|
|||||||||
PREV CLASS NEXT CLASS | FRAMES NO FRAMES | ||||||||
SUMMARY: NESTED | FIELD | CONSTR | METHOD | DETAIL: FIELD | CONSTR | METHOD |
java.lang.Object inf.compilers.LexicalAnalyzer
public class LexicalAnalyzer
This class is a relatively simple lexical analyzer that can be used to break a given input stream of characters into tokens. Token types can be defined using regular expressions. However, in order to keep matching efficient, the algorithm used for matching has certain limitations.
Before any input can be tokenized the token types have to be defined. This is done by defining the regular expressions that represent the single tokens. To create a new TokenType the function createTokenType(...) has to be used. This function takes one or two Strings as arguments: the fixed String that is the token, e.g. "while", or the name of the TokenType and the regular expression that defines it, e.g. "integer" and "(+|-)?[0-9]+". Usually TokenTypes have to be stored for later use:
TokenType intTT = LexicalAnalyzer.createTokenType("integer", "(+|-)?[0-9]+");
The simplest TokenType is one defined by a fixed String, i.e. it matches the given String and nothing else. This is always case-sensitive.

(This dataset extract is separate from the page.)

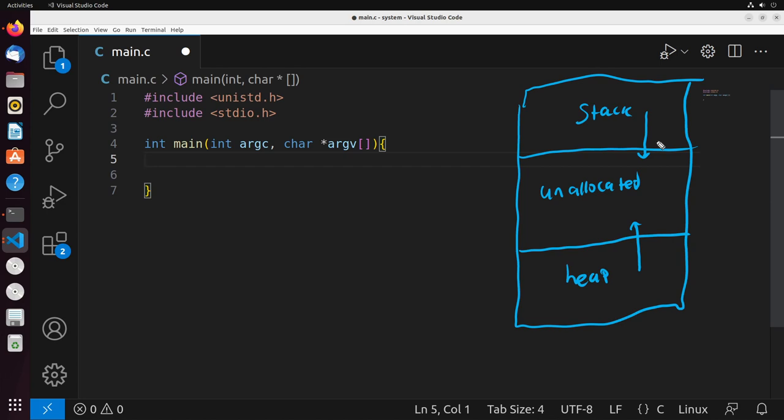Now the heap is a lot more interesting for us at the C level. With the heap, we actually have more control over heap memory, in that we can use it for allocating dynamic memory in our program. This is something that we see with things like malloc. But before we jump into the details of malloc, I really want you to understand how the heap works and what the heap looks like in a C program.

The simplest component of a regular expression is a single character. A single character may be a single input character that passes the Character.isLetterOrDigit(...) test, a backslash followed by an arbitrary character (except alphanumeric characters), or a backslash followed by a lower-case u followed by exactly 4 hexadecimal digits.
<char> ::= 'char' | '\''char' | '\''u' hexdigitˆ4
A regular expression of this type matches the single character defined in it.
The other primitive component of a regular expression is a character class. This must be defined as a set of characters enclosed in angle brackets '[' and ']'. Inside the set can be single characters (as defined above) or ranges of characters.
<char-class> ::= '['{<char>|<char-range>}*']' <char-range> ::= <char>'-'<char>
A regular expression of this type matches a single character enumerated in the class or a single character that lies within any of the defined ranges.
A regular expression may be followed by a repetition character to indicate that this expression may occur multiple times. The repetition characters are:
In addition, round brackets around the inner expression may be used to indicate operator precedence in case the content is a sequence or alternative set of expressions.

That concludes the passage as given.